Theopolis reviews Race and Covenant

Theopolis reviews Race and Covenant April 15, 2021

A group of notable thinkers gathered to discuss biblical resources for addressing racial conflict in America in February 2019 at Samford University in Birmingham. Race and Covenant, the product of these scholars’ efforts, offers an analysis of America’s race dilemma and how to overcome it based on the idea of national covenant. The essays are even more relevant after the events of summer 2020, amidst the ensuing public discussion on race, justice, and social reform. Each essay stands alone, but the work expresses a sustained argument for the idea of national covenant as a framework for healing and redemption from the racial wounds and sins of our past.

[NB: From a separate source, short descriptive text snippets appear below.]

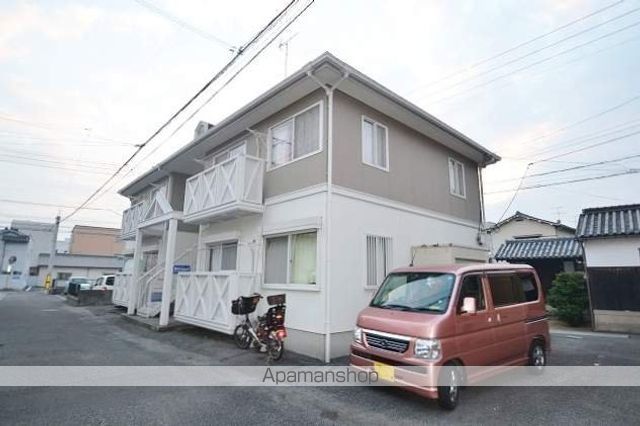 こんにちはの外観写真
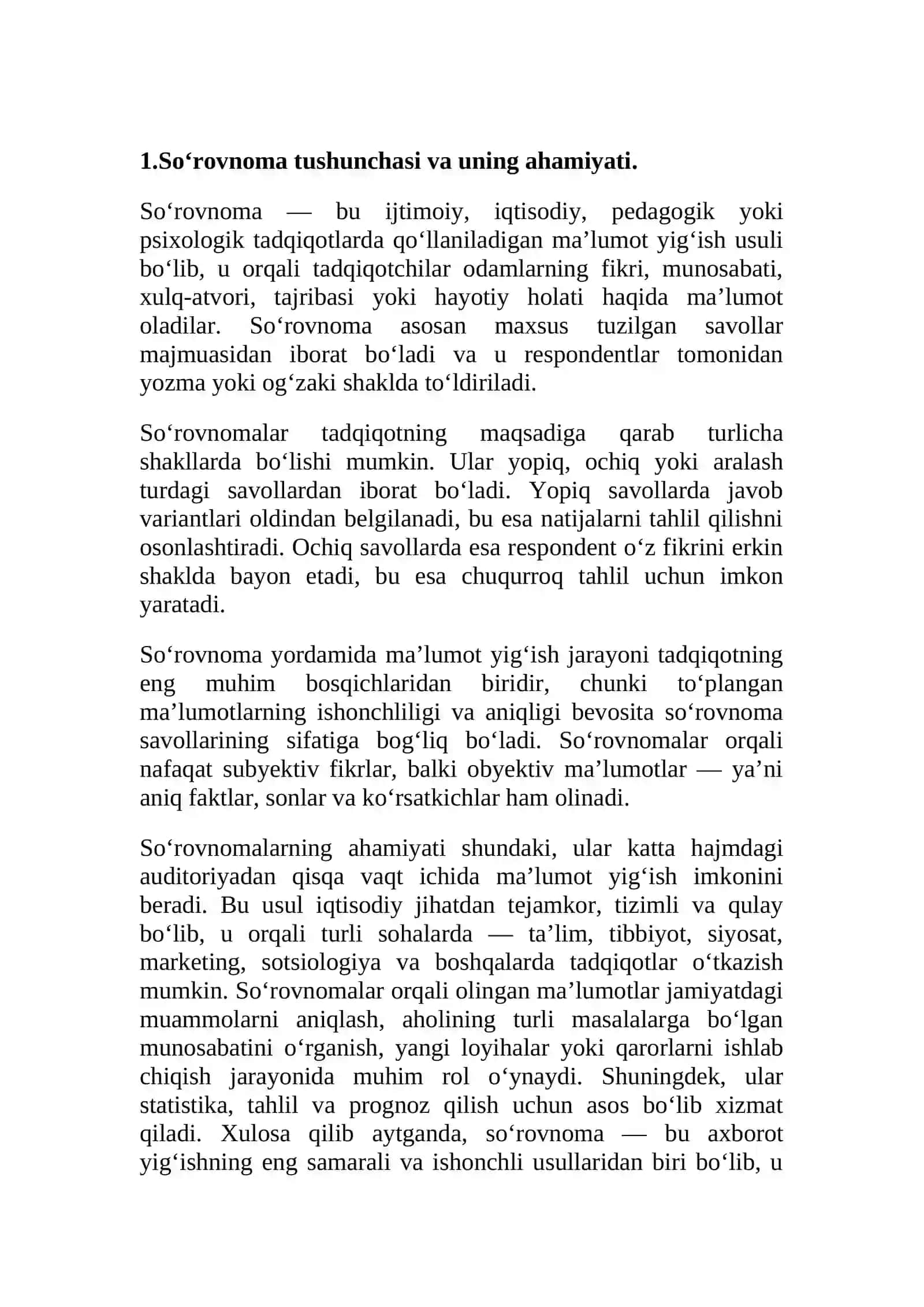 Obyektiv ma’lumotlar 3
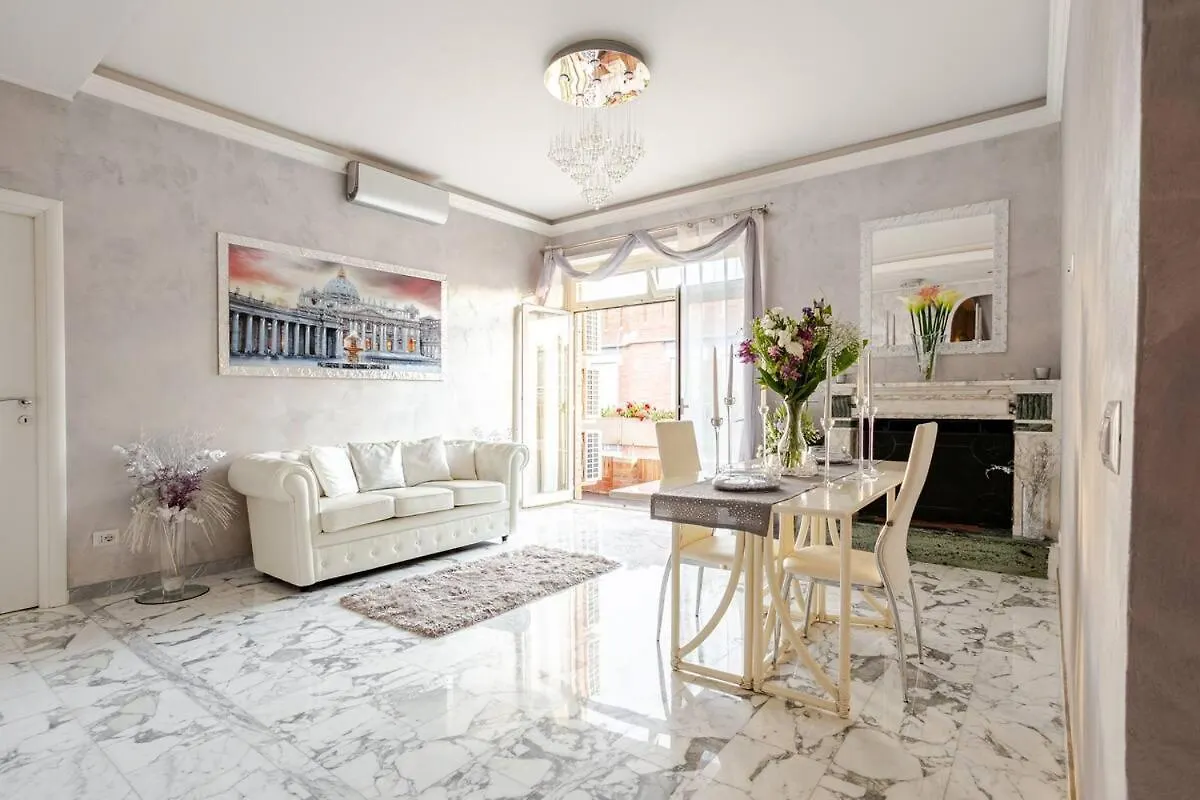 Luxury Rome Guest House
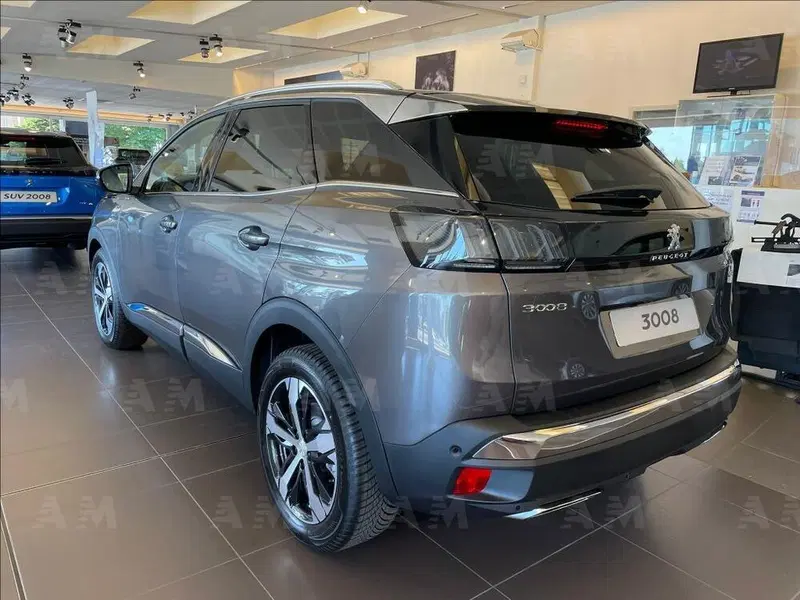 Peugeot 3008 nuova a Treviso (2)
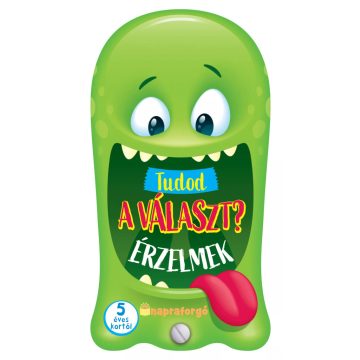 Tudod a választ? - Érzelmek 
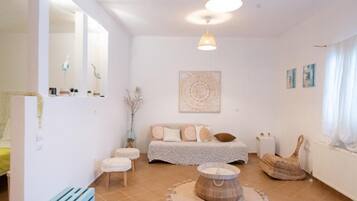 Apartment | Living area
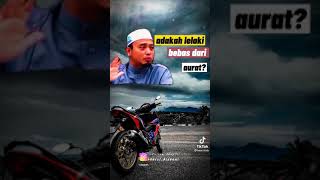 Download lagu “Laki-Laki pun wajib tutup Aurat Perempuan juga wajib tutup aurat ~Ustaz Wadi Anuar~ mp3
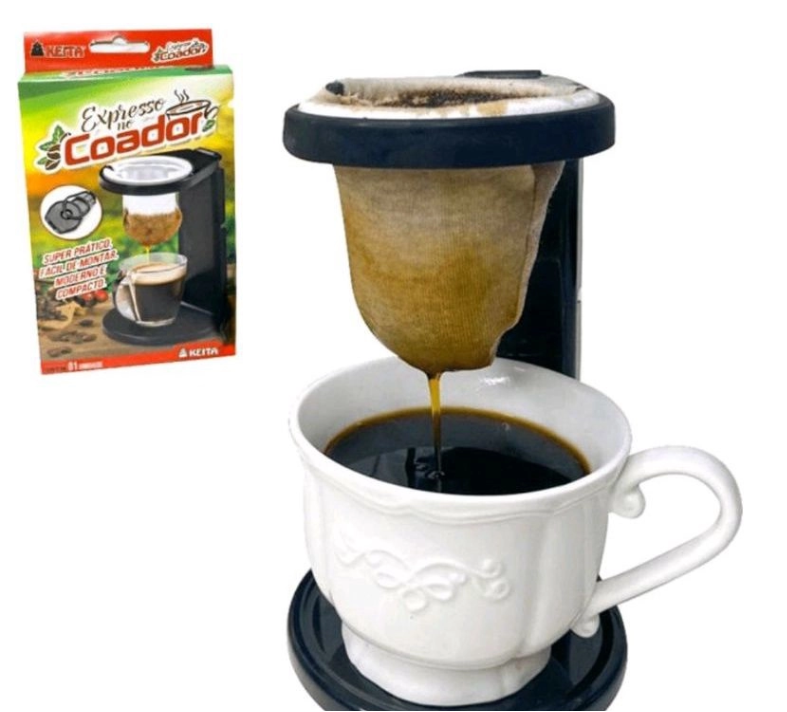 COADOR DE PANO EXPRESSO 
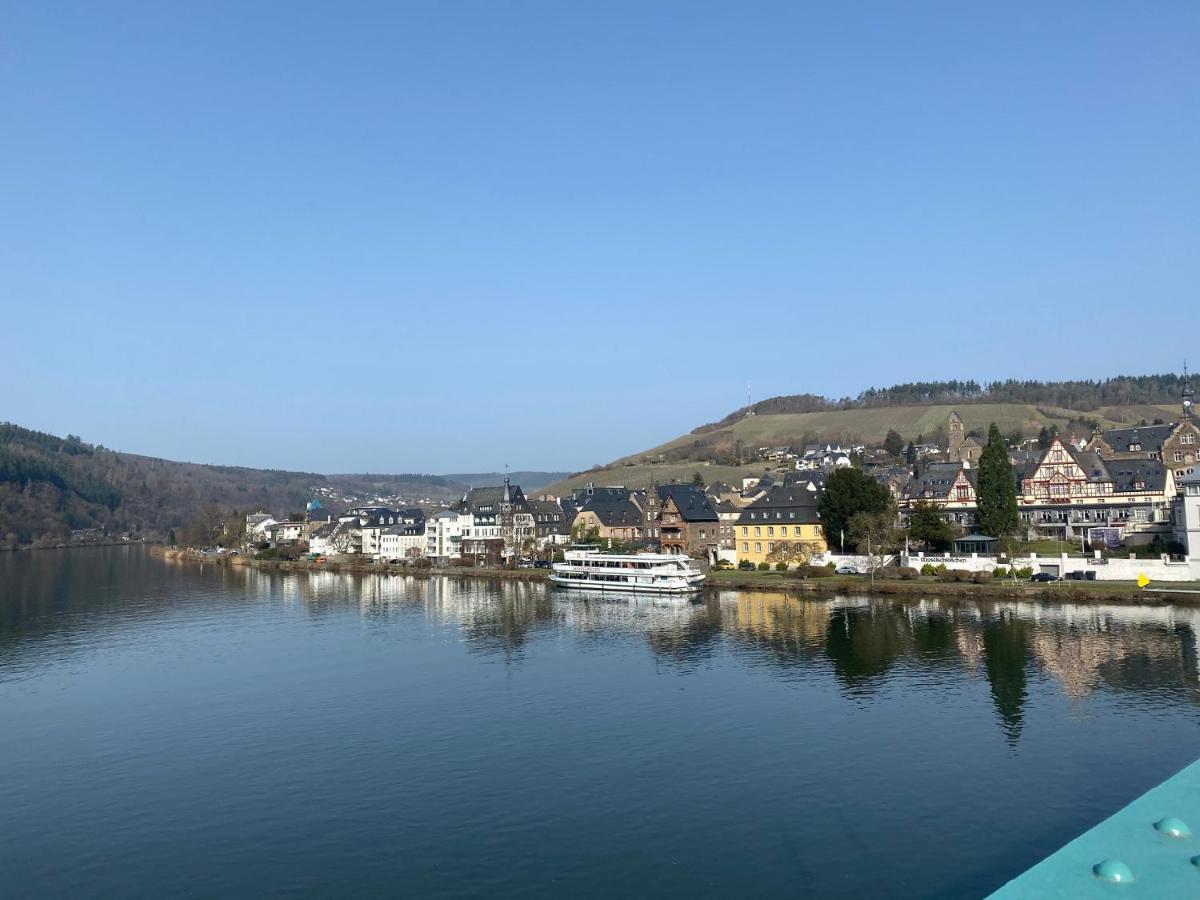Ferienwohnungen Katharina Verbandsgemeinde Verbandsgemeinde Traben-Trarbach Buitenkant foto
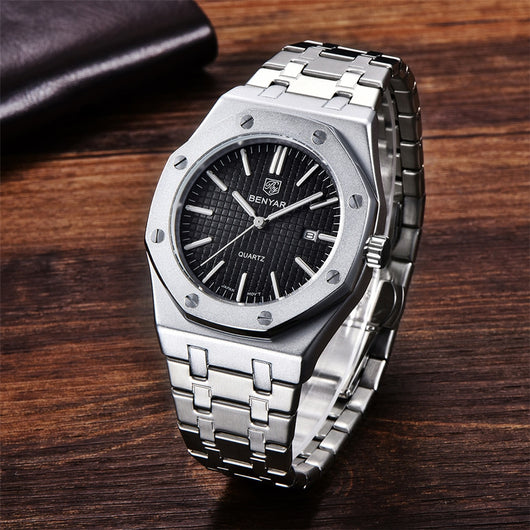 Reloj Deportivo Resistente al Agua BENYAR - Image 17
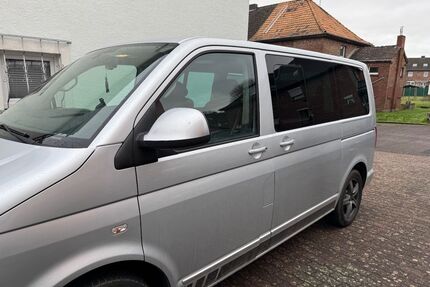 VW T5 Multivan Gebrauchtwagen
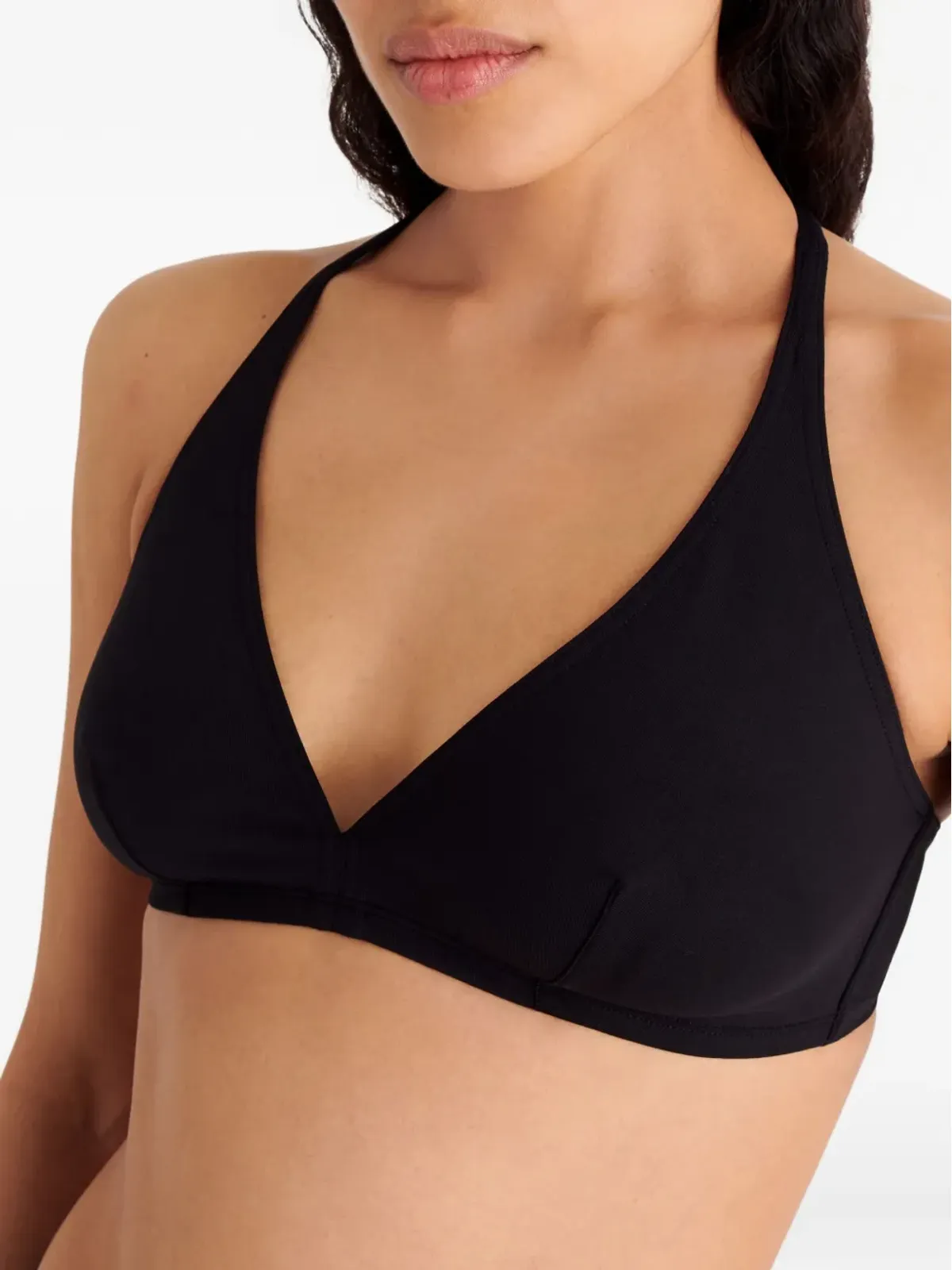 ERES Gang トライアングルタイビキニトップ - 画像3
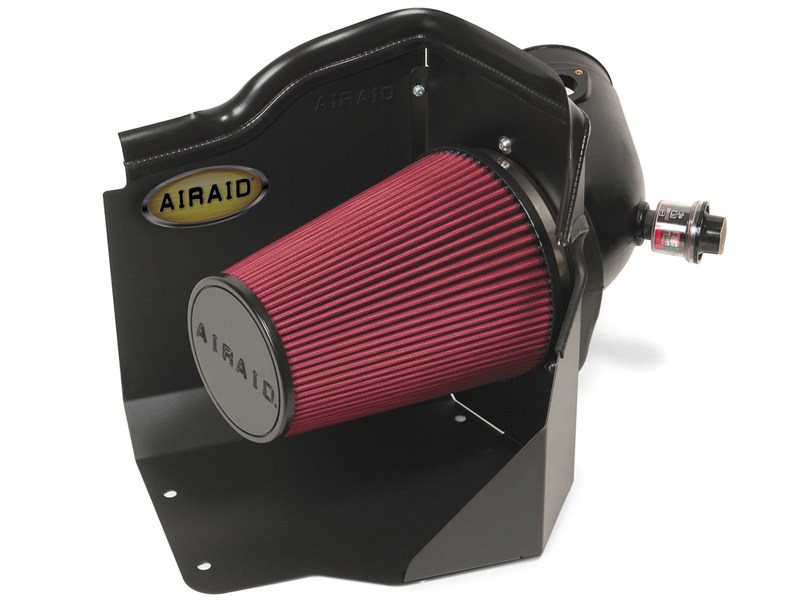 Airaid 200-112-1 LOW HOOD Air Intake System 1999-2006 Chevy/GMC Truck/SUV 4.3, 4.8, 5.3, 6.0, 8.1
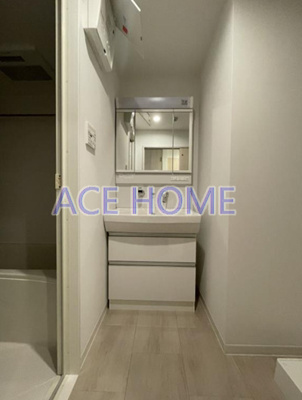 【洗面所】 | リュエルうめきた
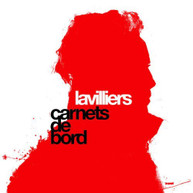 BERNARD LAVILLIERS - CARNETS DE BORD CD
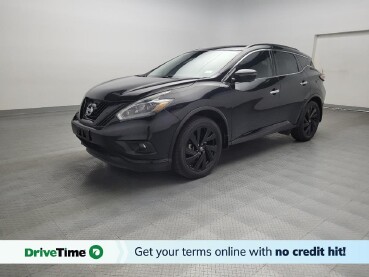 2018 Nissan Murano in Lubbock, TX 79424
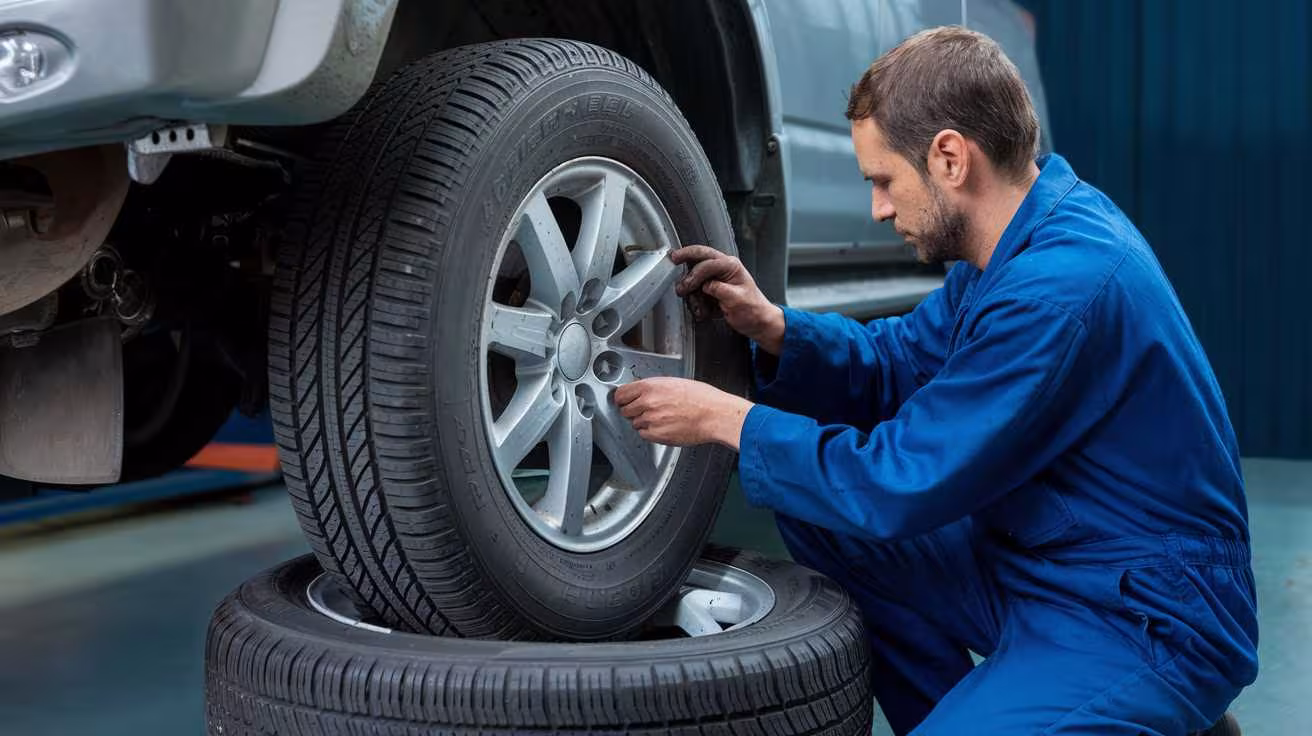 Comment réparer un pneu crevé de voiture : Guide pratique et conseils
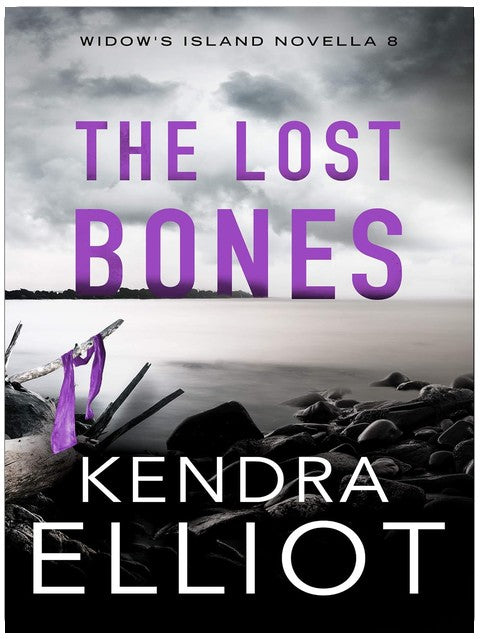The Lost Bones (Widow's Island Novella Book 8)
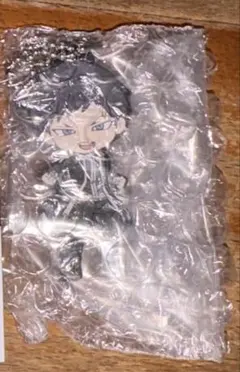 桃源暗鬼 一番くじ F賞 鬼機関 ラバーチャーム 矢颪碇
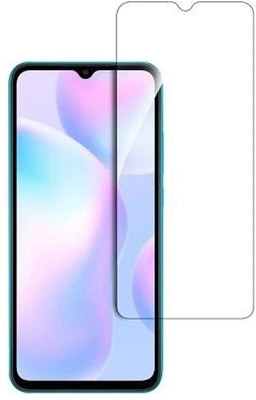 LIKEDESIGN Tempered Glass Guard for Mi Redmi 9i(Pack of 1)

Gerald McDermott argues in his introduction that, “our racial dilemma cannot be understood properly without spiritual and religious analysis” (p. xxx). Further, the biblical idea of covenant and the “national covenant tradition” offers badly needed resources for healing and reconciliation (p. xvi). The contributors offer a Scripture-soaked collection of efforts to recover these resources. Biblical quotations and exegesis undergird analysis from a variety of disciplinary perspectives: theological, historical, sociological, economic, and practical. Themes of covenant, exile, and renewal bind the parts into a whole.

The idea of national covenant rests on two premises McDermott lays out:

(a) God deals with whole nations as nations, and (b) he enters into more intimate relationships with societies that claim him as Lord. In other words, God not only deals with individuals during their lives and at the final judgment but also deals providentially with every corporate people and enters into special relationship with certain whole societies. (p. xvii)

God’s covenant with Israel is the paradigmatic example of a national covenant, but God also forms special relationships with other peoples (p. xvii, Amos 9:7). Over the long term, God blesses nations that commit to keeping the moral law, the essence of which is expressed in the Ten Commandments. He punishes nations that flout it. All this relates not to eternal judgment, but to blessings and curses in this life.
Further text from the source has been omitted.